Here are the panelists! From left to right, that’s Eunice from Nerdy Talks Book Blog, Hazel from Stay Bookish, Kai from Amaterasu Reads, Kate from The Bookaholic Blurbs, and Lyra from Defiantly Deviant.
- Don’t take credit for someone else’s photo. It takes hours and at least 20 attempts to get the perfect shot, and it’s plain disrespectful. If you want to post someone’s photo, be sure to credit the owner. Same with book reviews or any other post. If you’ve gained inspiration from someone’s certain blog post, be sure to mention it on your post and link back to the blogger.
- Working with publishers is basically like a bonus after having to establish yourself and your blog. It isn’t just an automatic privilege that book bloggers have. Once you’re well established with a good number of followers and page views, you might want to go ahead and start writing to publishers in hopes of maybe collaborating with them in the future.
- ARCs or Advanced Reader Copies are strictly not for sale. Should you get your hands on them, never opt to have it sold for profit. The publisher didn’t earn anything from producing and sending you that copy. In fact, they actually spent more, so please never even think about selling those little pieces of treasure. If you want, you may opt to trade them with other books, lend them to others who’ve been anticipating it, or give it away.
- Always remember to be kind on social media. Don’t just promote your content. Try to help others promote theirs as well so your accounts won’t look too self-centered.
- You don’t need to have any literature background just to get yourself started. You just need the passion and the commitment, and you’re good to go!
The panel discussed more than just that, but I’ve only listed the ones that I think will really help those who would want to start their own book blog. Should you have any questions, you can always send them a tweet or message via their blogs or their Twitter accounts!
That’s me with Allie on my left, and Kat on my right.
I had an amazing time! I also got the chance to meet my internet friend Allie from A Literary Wanderer, and Kat who I’ve recently met on #BookwormsUnitePH 2016! We had great talks about Jennifer Niven, Nicola Yoon, Sarah J. Maas’ books, and tons more of super exciting topics over lunch!
After saying our goodbyes, I went to Anna Todd’s signing event held at Ballroom 2! I was a bit late, so I wasn’t able to catch anything about her or her books, but I was a bit impressed at how much her fans loved her. There were girls screaming with joy at how elated they are to have the chance to meet Anna Todd in real life! I had a friend’s copy signed, since I don’t have one of my own and so I have Gavin to thank for this photo of me and Anna Todd:
Don’t even ask why I have a flower as a face. The shot was so shitty, I actually looked scary af.

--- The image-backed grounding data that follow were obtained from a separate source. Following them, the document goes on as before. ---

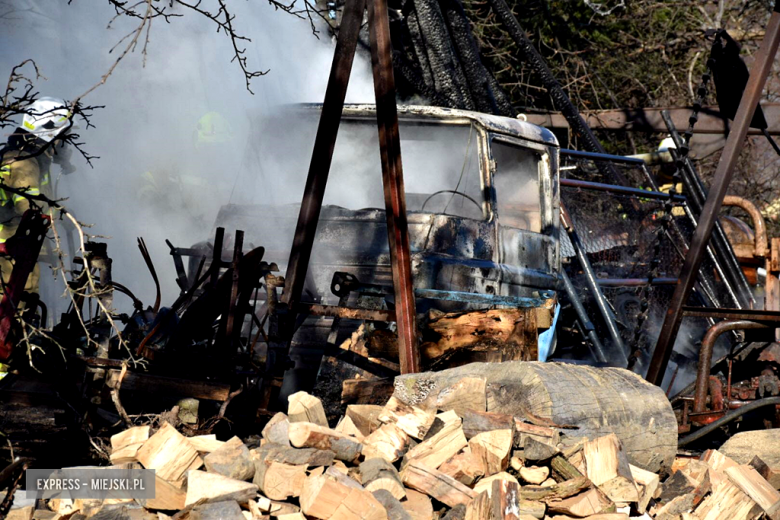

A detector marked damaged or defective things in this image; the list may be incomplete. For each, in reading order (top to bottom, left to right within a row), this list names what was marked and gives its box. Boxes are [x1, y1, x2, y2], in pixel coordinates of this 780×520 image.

rusty metal frame [278, 0, 418, 374]
rusty metal frame [648, 7, 780, 386] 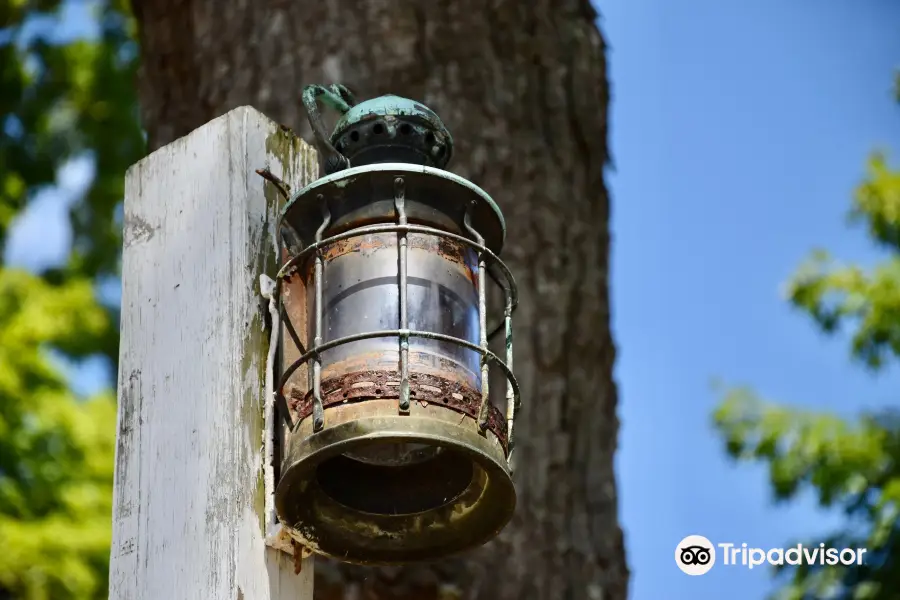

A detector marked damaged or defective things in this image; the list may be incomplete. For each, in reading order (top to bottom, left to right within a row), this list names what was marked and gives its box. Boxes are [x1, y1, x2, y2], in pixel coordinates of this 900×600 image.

rusty metal cage [268, 86, 520, 564] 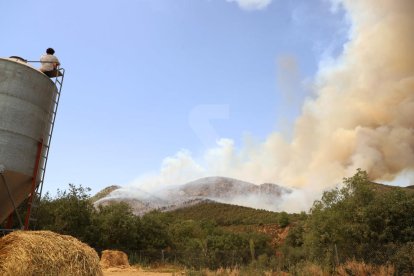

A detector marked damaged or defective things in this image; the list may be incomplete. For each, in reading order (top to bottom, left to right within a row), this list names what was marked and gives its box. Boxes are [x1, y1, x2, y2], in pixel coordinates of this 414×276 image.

rusty silo [0, 57, 64, 230] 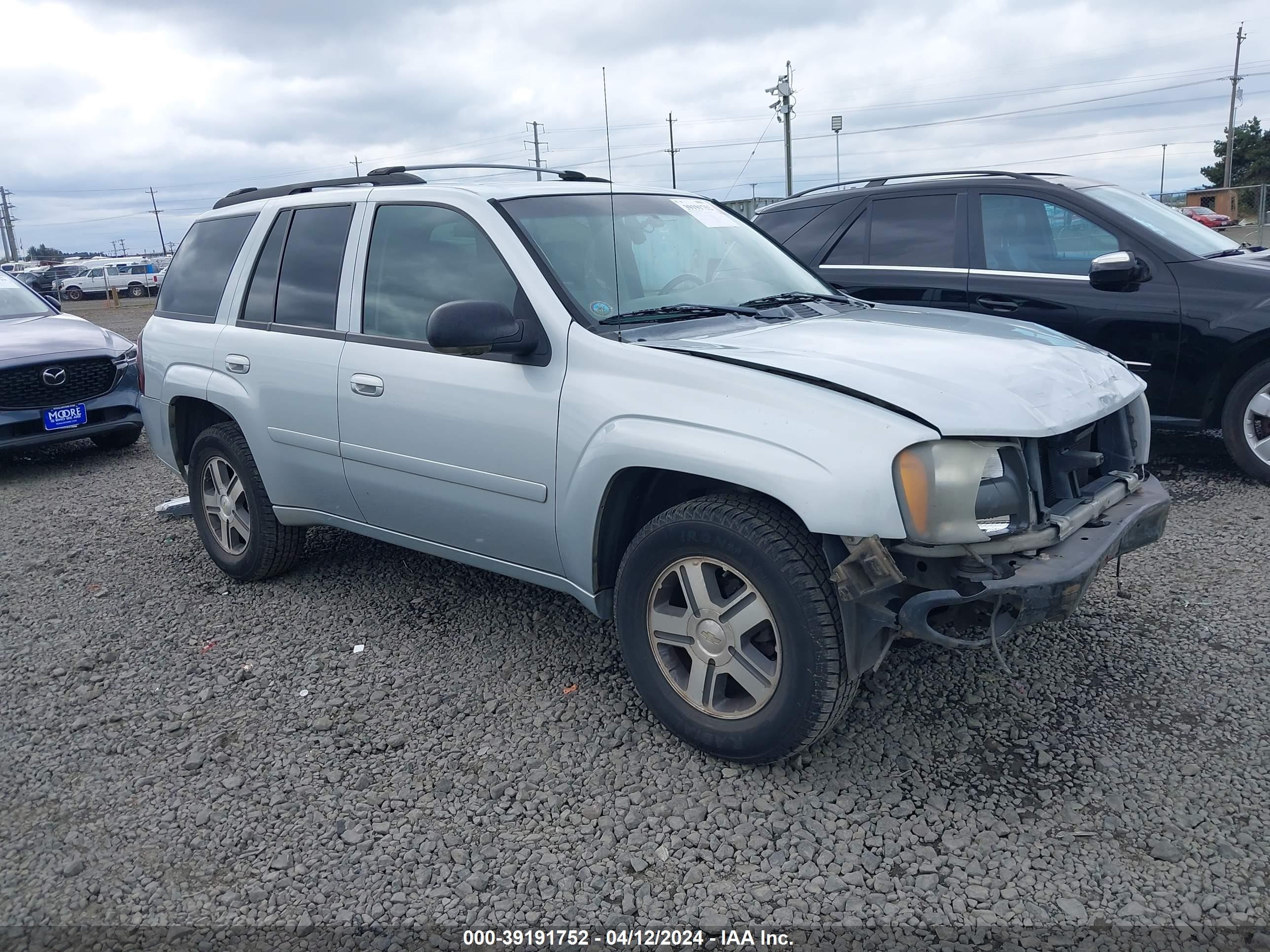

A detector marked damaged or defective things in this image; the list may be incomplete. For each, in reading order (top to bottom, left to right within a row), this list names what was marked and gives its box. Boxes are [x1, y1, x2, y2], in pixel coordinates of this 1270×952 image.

cracked headlight assembly [891, 440, 1033, 544]
front bumper damage [832, 477, 1167, 678]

Feeling like there weren’t any more panels that I was interested in, I then went to Powerbooks Greenbelt to check if they have some interesting titles on sale with huge discounts! They have this ongoing sale where discounts range from 10 – 50% and I didn’t want to let my chance pass by, and I was so glad to have been able to snag a copy of Lang Leav’s new book: The Universe of Us, 30% off! Duuuuude! It’s a total steal!
All in all, it was more than just a fun day. It was a great end to a month of working, and I can’t wait for the next time that I’ll be seeing my friends and people from the bookish community!
Were YOU at The Philippine Readers and Writers Festival? How was your experience? Share your feels with me via the comment section!
Until the next one!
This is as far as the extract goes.